> **Activity**: Reproduce all the data exactly, without pictures.

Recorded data
[Start of section]

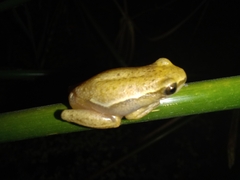 Hyperolius viridiflavus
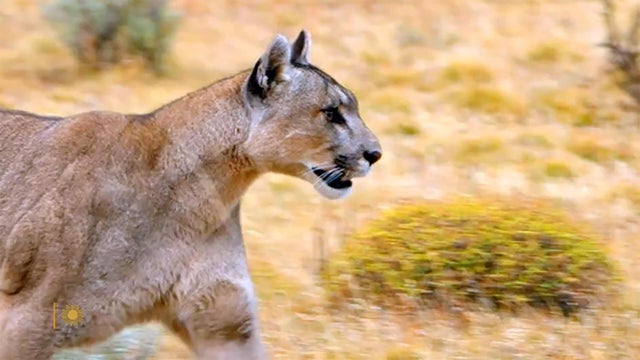 nature-pumas-1920.jpg 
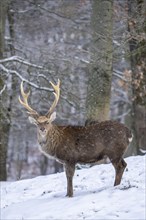 Sika deer (Cervus nippon), in the snow, Vulkaneifel, Rhineland-Palatinate, Germany, Europe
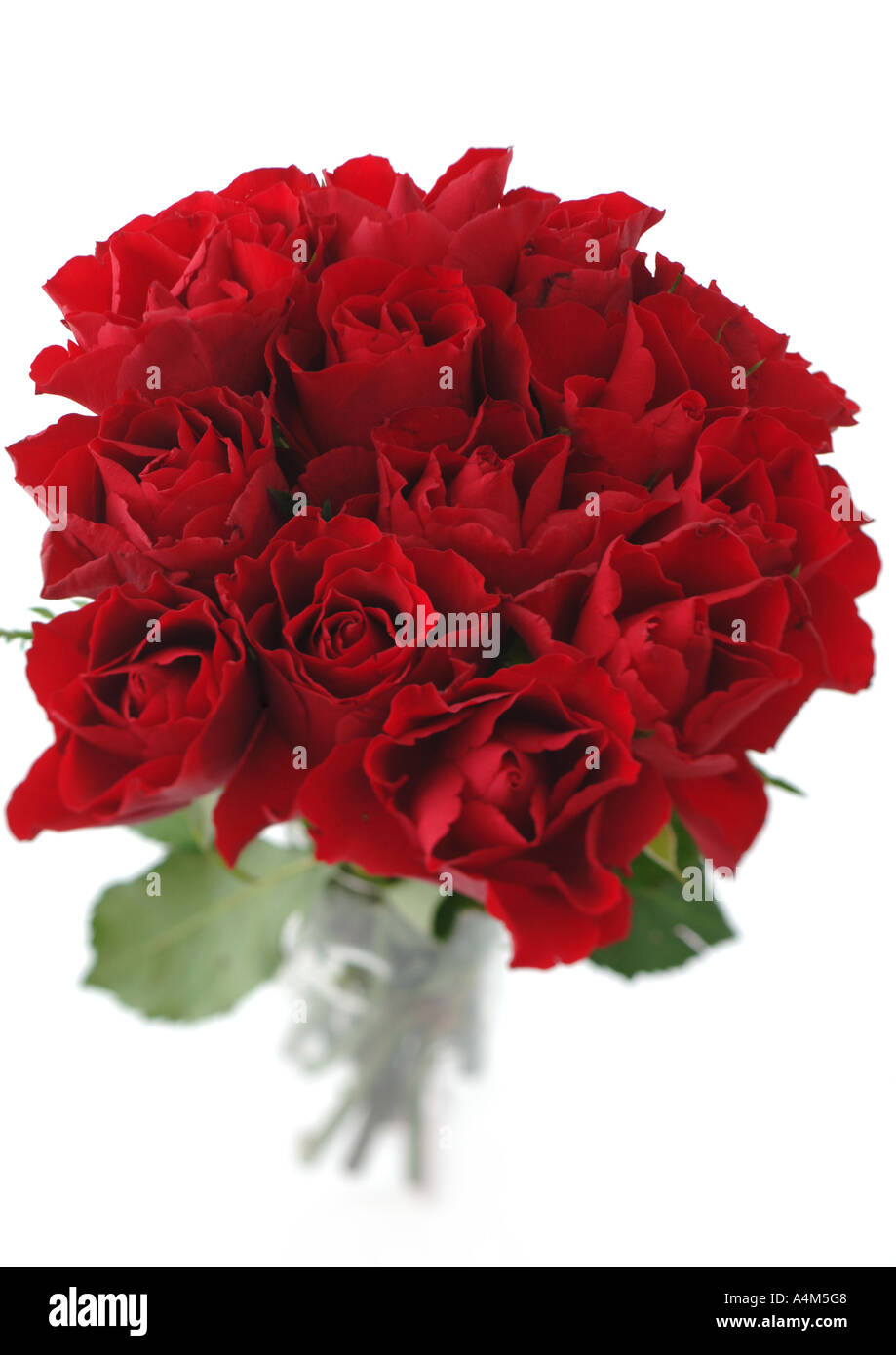 Bouquet of red roses Stock Photo - Alamy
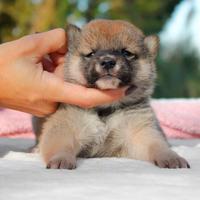 Cucciolina femmina di Shiba Inu rossa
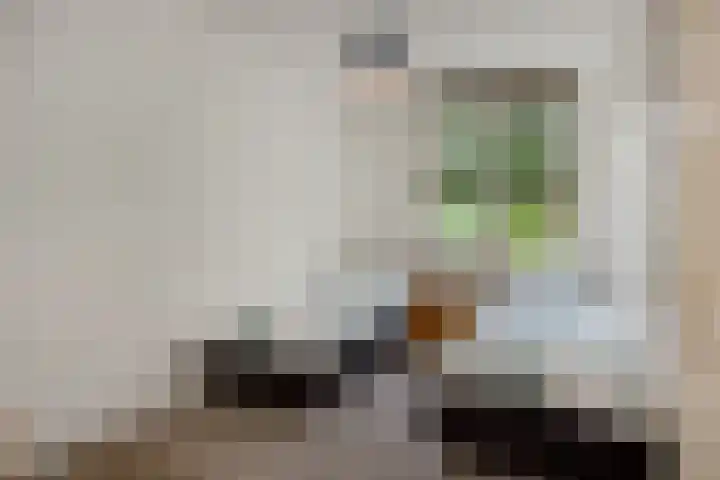 Karperborch 31 Rosmalen thumbnail 19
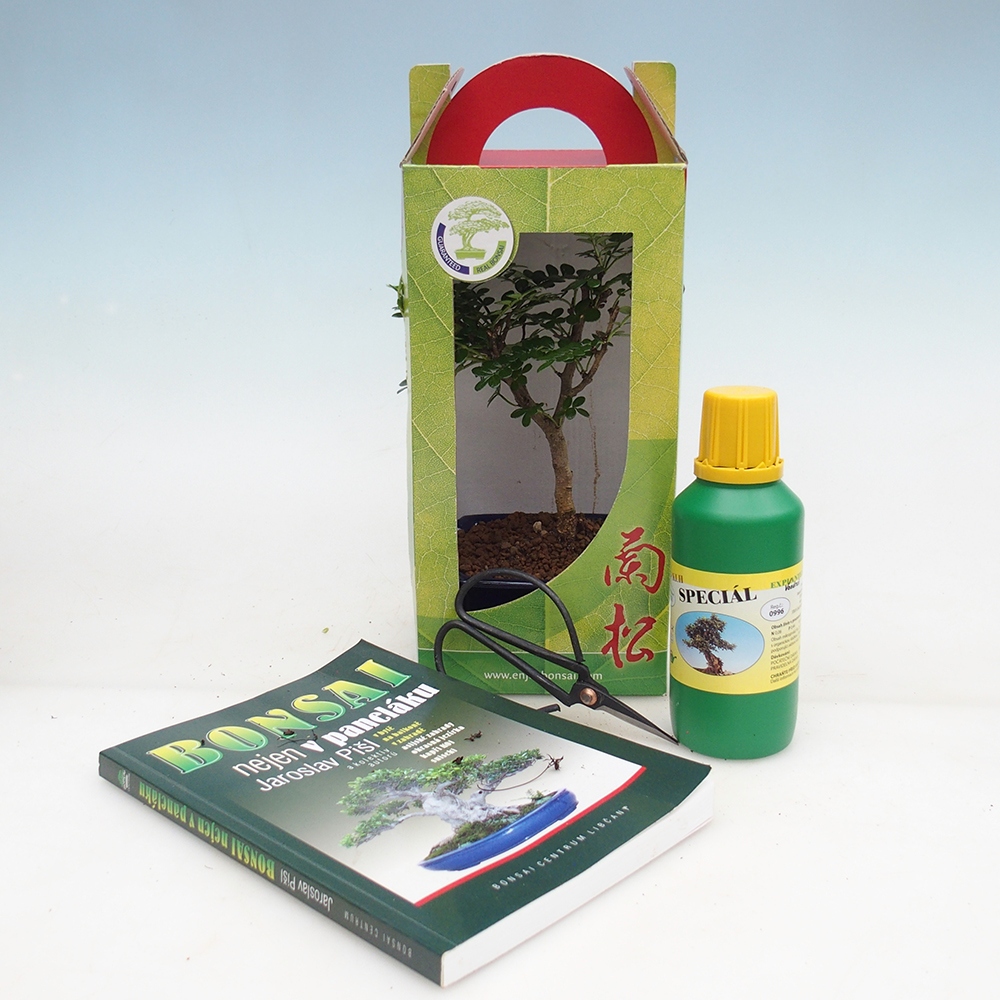 Kamerbonsai in geschenkverpakking Zantoxylum piperitum - Peperboom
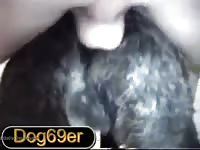 Pounding The Akita Gaybeast.Com - Bestiality Porn Tube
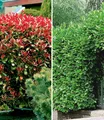 Produktbild: BALDUR Garten Hecken Immergrüne Hecken-Kollektion, 2 St., Kirschlorbeer-hecke, immergrün, winterhart, mehrjährig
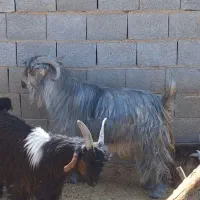 دبر نر بز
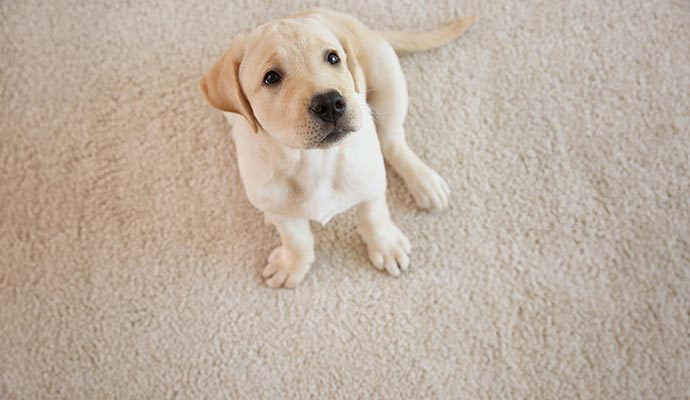 a dog sitting on a carpet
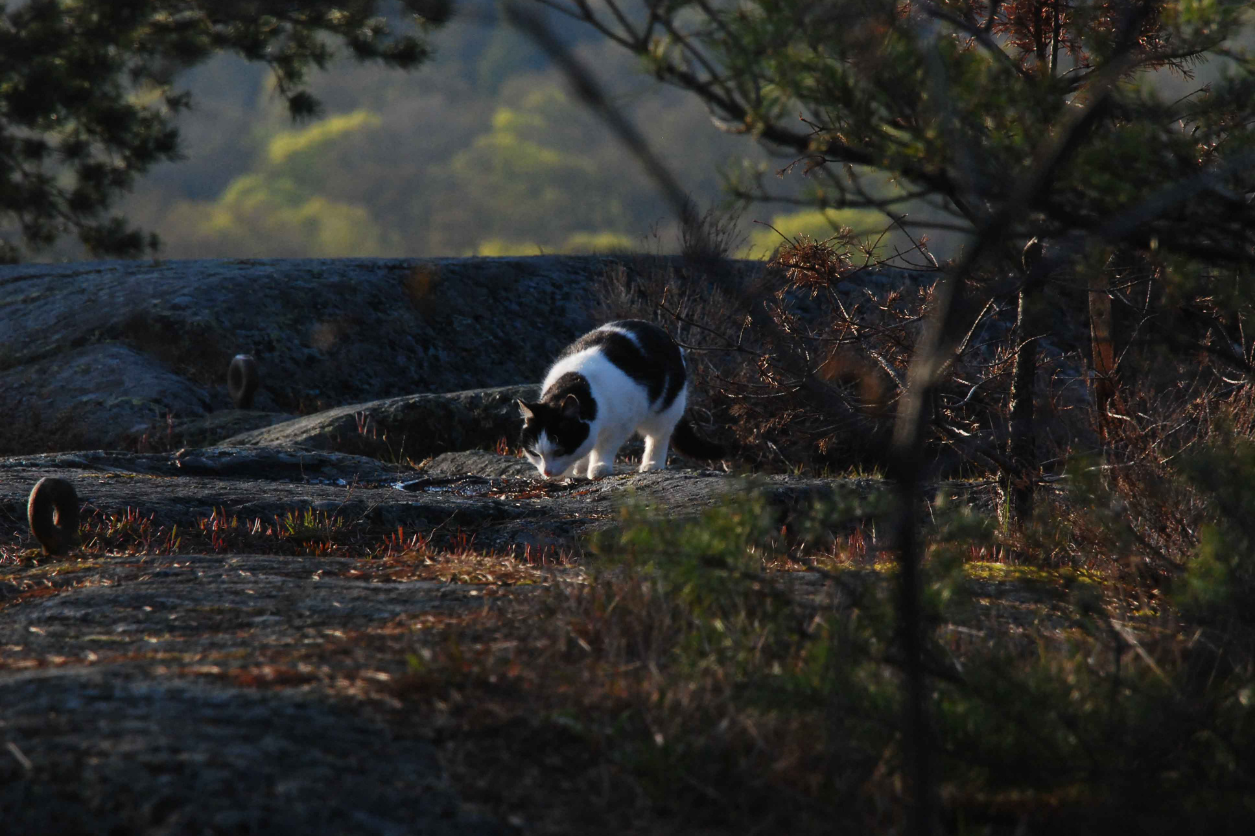 How New Cat Chip Law Located Missing Cat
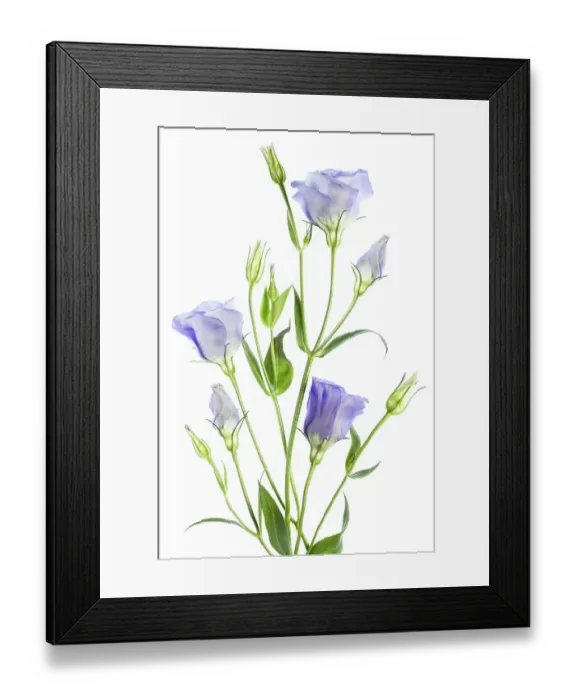 Framed Print : Lisianthus Framed Print : Lisianthus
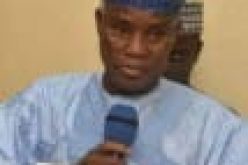 CALL ON UNARMED NIGERIANS TO DEFEND THEMSELVES:Magashi, defence minister under fire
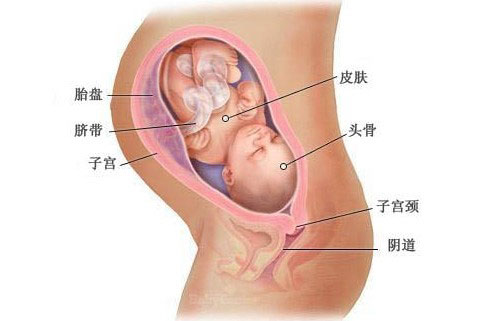 孕期三个月是多少周，深入了解孕期的时间线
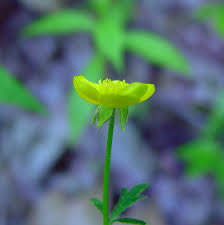 Attēlu rezultāti vaicājumam “Ranunculus bulbosus flower”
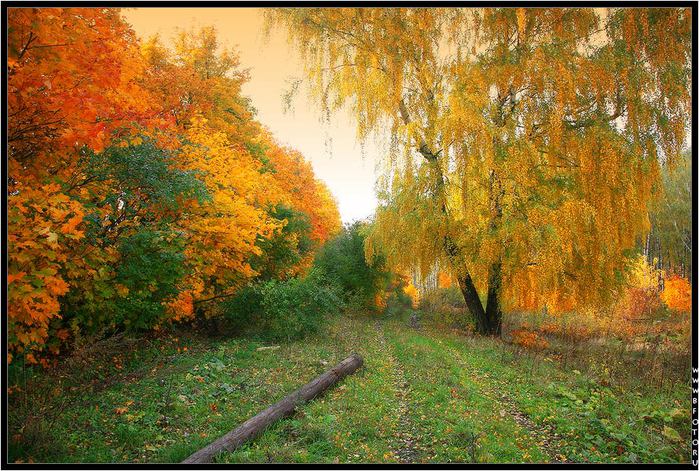 bfoto_ru_436 (700x471, 112Kb)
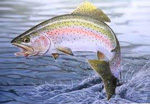 Trout Streams of Pennsylvania An Angler's Guide Dwight Landis Fly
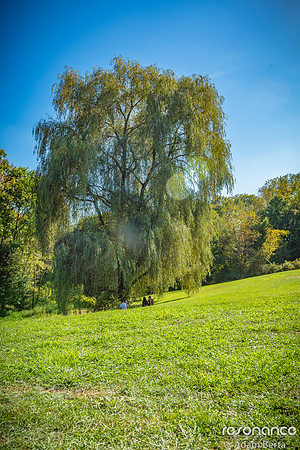 RES_2112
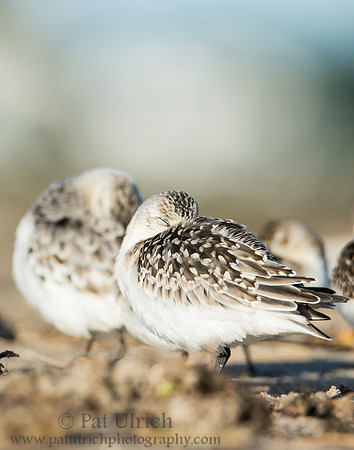 Sandpipers at Sandy Point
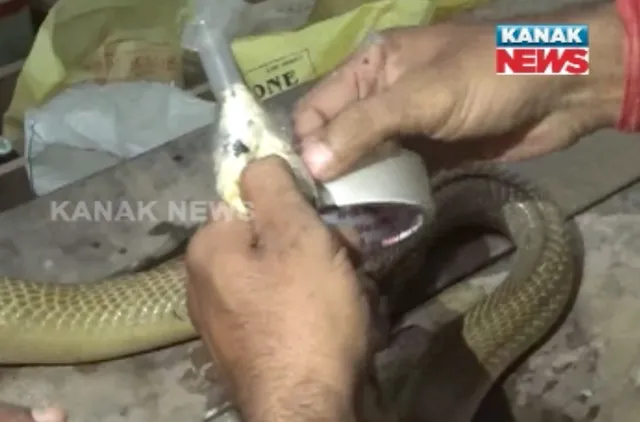 ଚାନ୍ଦବାଲି ପଶୁ ଚିକିତ୍ସା କେନ୍ଦ୍ରରେ ବିରଳ ଅସ୍ତ୍ରୋପଚାର : ନାଗସାପ ଦେହରେ ପଡ଼ିଲା ୪୨ଟି ଷ୍ଟିଚ୍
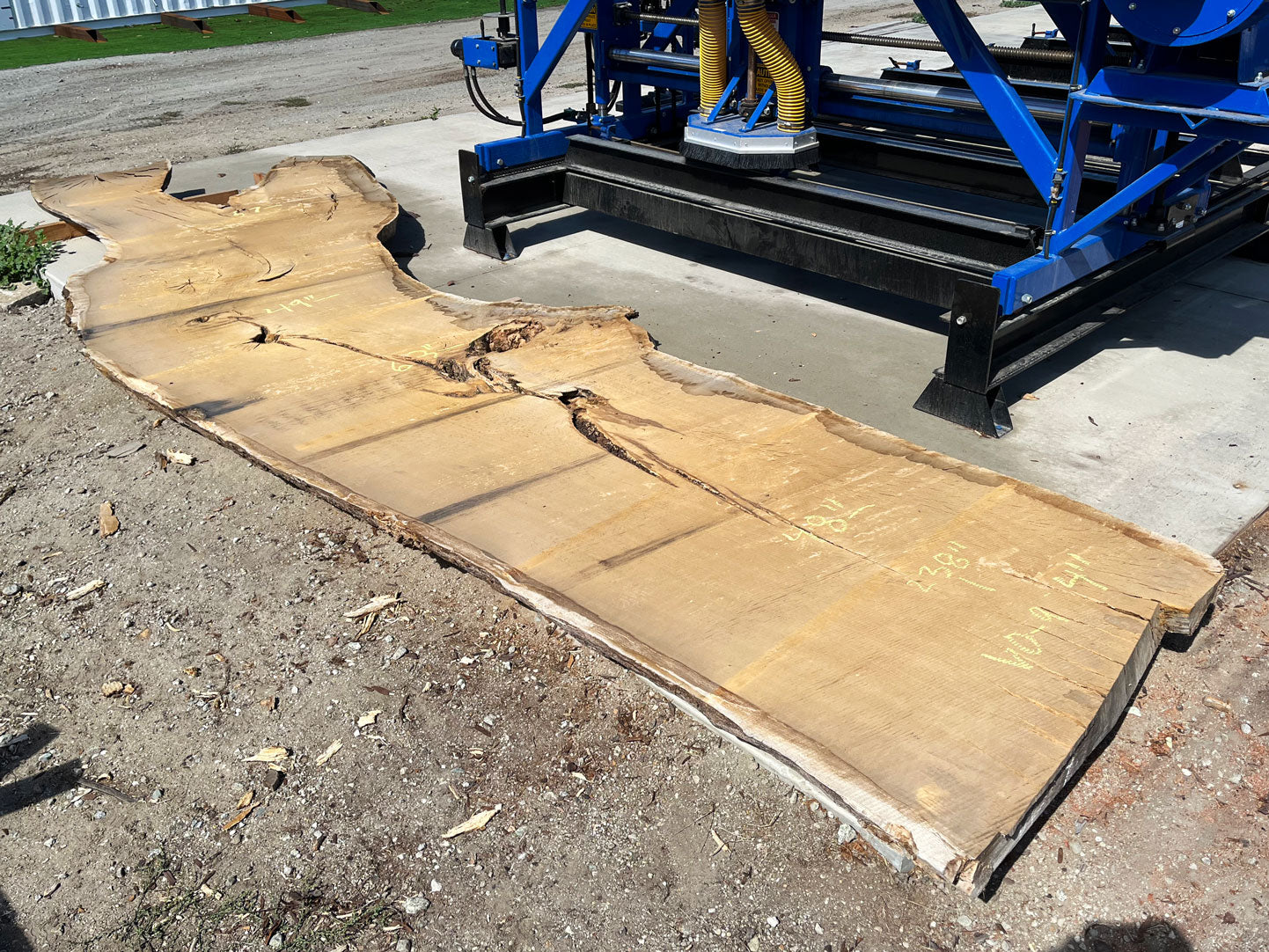 Heritage Valley Oak Live Edge Slab – 19.83' x 58" x 4" – Old Growth, Air-Dried – #VO-9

[End of section]

> **Final answer**:
 Hyperolius viridiflavus
 nature-pumas-1920.jpg 
 Sika deer (Cervus nippon), in the snow, Vulkaneifel, Rhineland-Palatinate, Germany, Europe
 Bouquet of red roses Stock Photo - Alamy
 Cucciolina femmina di Shiba Inu rossa
 Karperborch 31 Rosmalen thumbnail 19
 Kamerbonsai in geschenkverpakking Zantoxylum piperitum - Peperboom
 Pounding The Akita Gaybeast.Com - Bestiality Porn Tube
 Produktbild: BALDUR Garten Hecken Immergrüne Hecken-Kollektion, 2 St., Kirschlorbeer-hecke, immergrün, winterhart, mehrjährig
 دبر نر بز
 a dog sitting on a carpet
 How New Cat Chip Law Located Missing Cat
 Framed Print : Lisianthus Framed Print : Lisianthus
 CALL ON UNARMED NIGERIANS TO DEFEND THEMSELVES:Magashi, defence minister under fire
 孕期三个月是多少周，深入了解孕期的时间线
 Attēlu rezultāti vaicājumam “Ranunculus bulbosus flower”
 bfoto_ru_436 (700x471, 112Kb)
 Trout Streams of Pennsylvania An Angler's Guide Dwight Landis Fly
 RES_2112
 Sandpipers at Sandy Point
 ଚାନ୍ଦବାଲି ପଶୁ ଚିକିତ୍ସା କେନ୍ଦ୍ରରେ ବିରଳ ଅସ୍ତ୍ରୋପଚାର : ନାଗସାପ ଦେହରେ ପଡ଼ିଲା ୪୨ଟି ଷ୍ଟିଚ୍
 Heritage Valley Oak Live Edge Slab – 19.83' x 58" x 4" – Old Growth, Air-Dried – #VO-9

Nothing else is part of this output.